- [ACTIVITY] In your copy, include every line of the records exactly and no picture at all.
▬▬▬▬▬▬▬▬▬▬
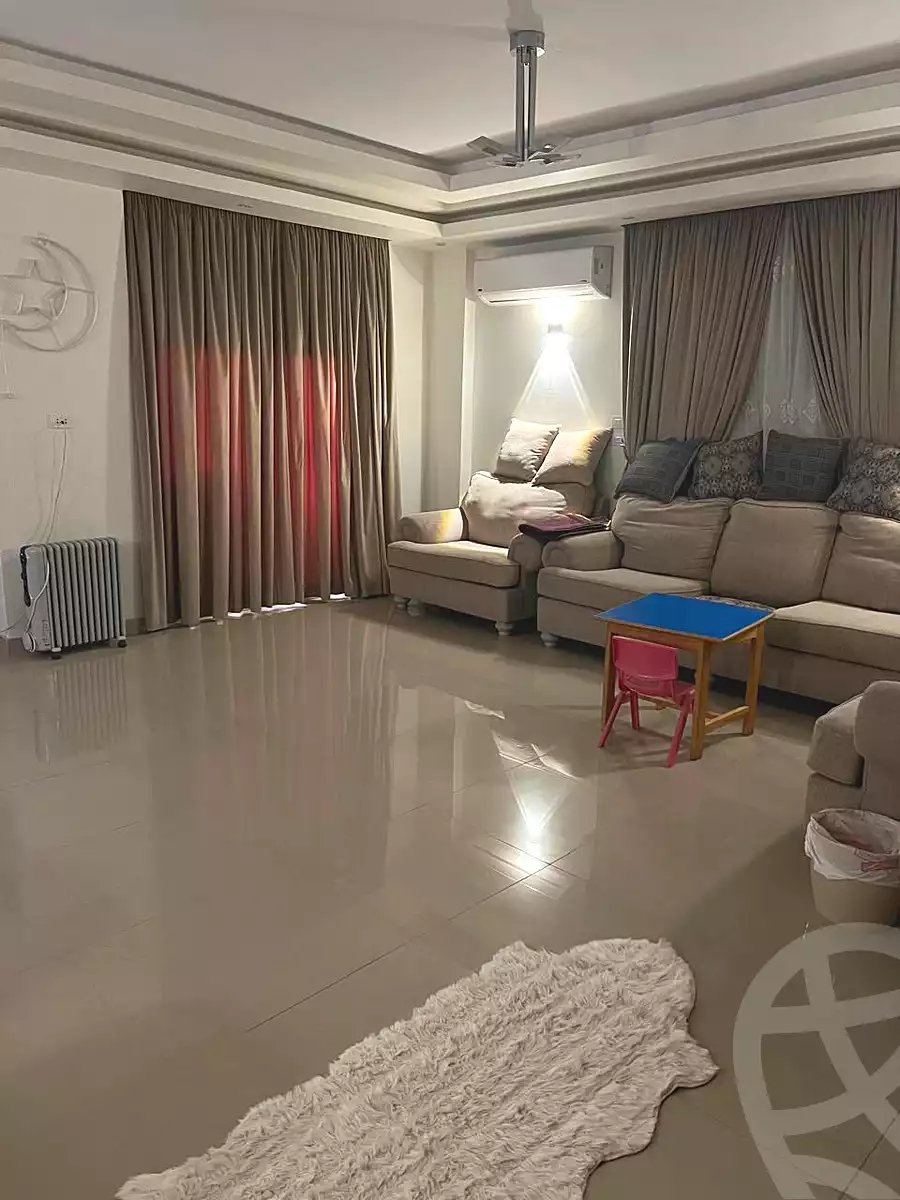 https://aqarmap.com.eg/ar/listing/6837316-for-sale-cairo-new-cairo-third-settlement-second-neighborhood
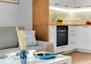 Morizon WP ogłoszenia | Mieszkanie na sprzedaż, Wrocław Grabiszyn-Grabiszynek, 57 m² | 6769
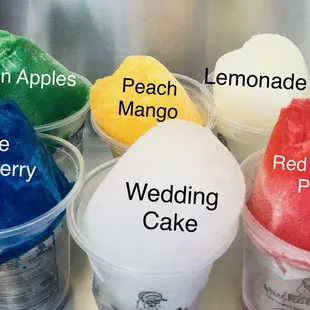 Add Nectar to this arsenal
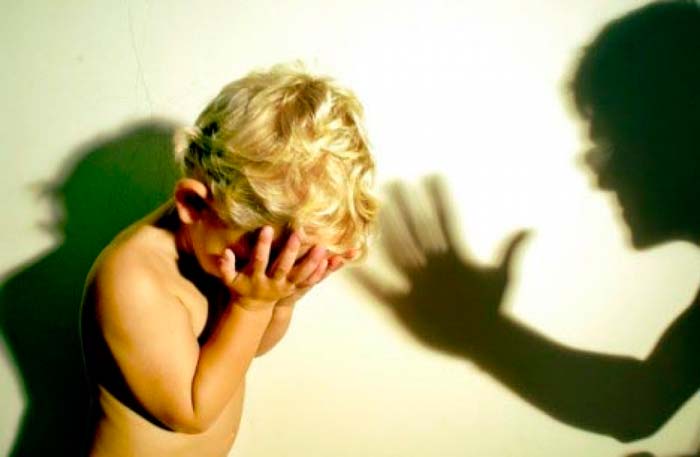 how-to-stop-scream-at-your-children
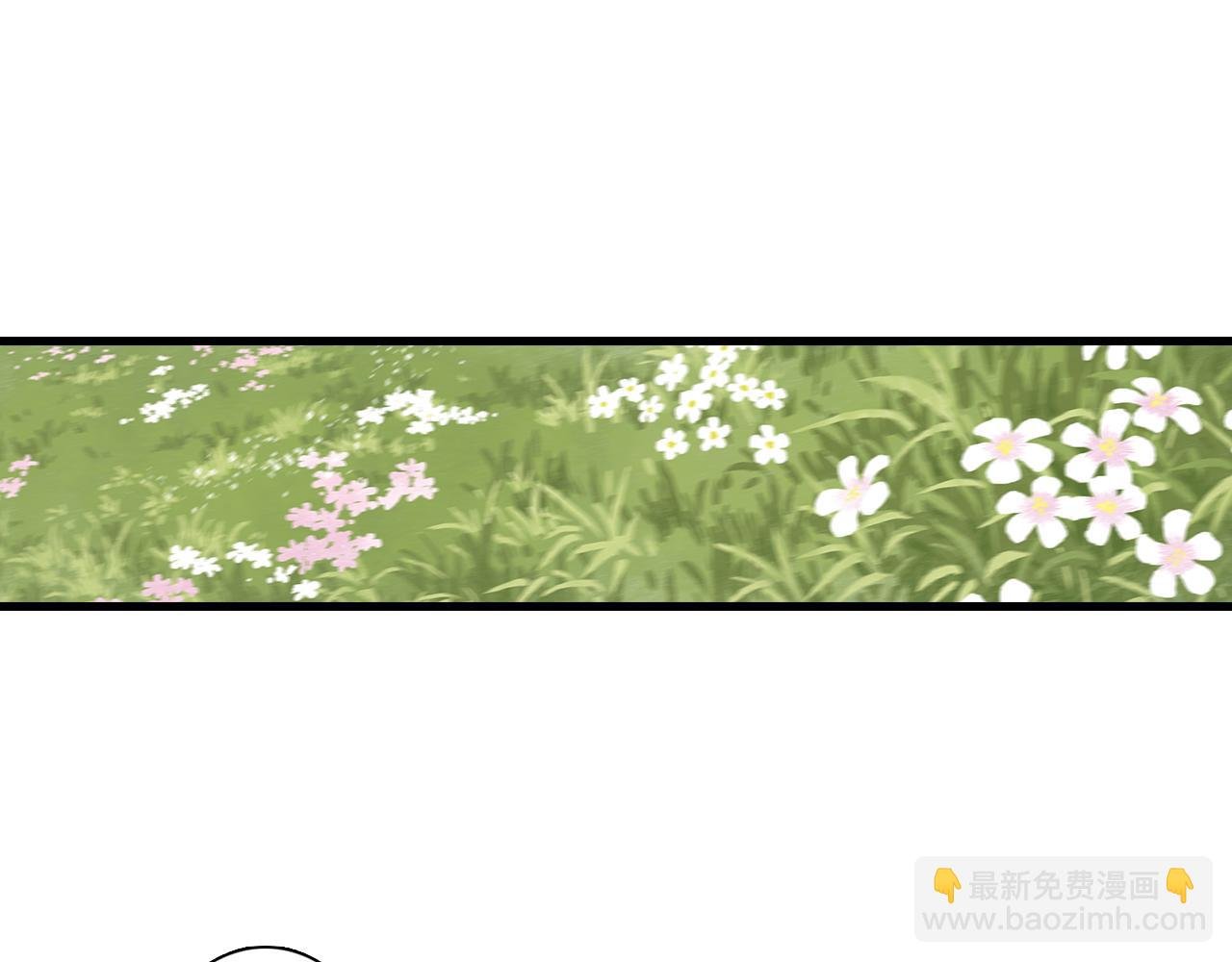 第75话 百里仲问责剑阁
▬▬▬▬▬▬▬▬▬▬
- [ANSWER TO THE EXERCISE]
 https://aqarmap.com.eg/ar/listing/6837316-for-sale-cairo-new-cairo-third-settlement-second-neighborhood
 Morizon WP ogłoszenia | Mieszkanie na sprzedaż, Wrocław Grabiszyn-Grabiszynek, 57 m² | 6769
 Add Nectar to this arsenal
 how-to-stop-scream-at-your-children
 第75话 百里仲问责剑阁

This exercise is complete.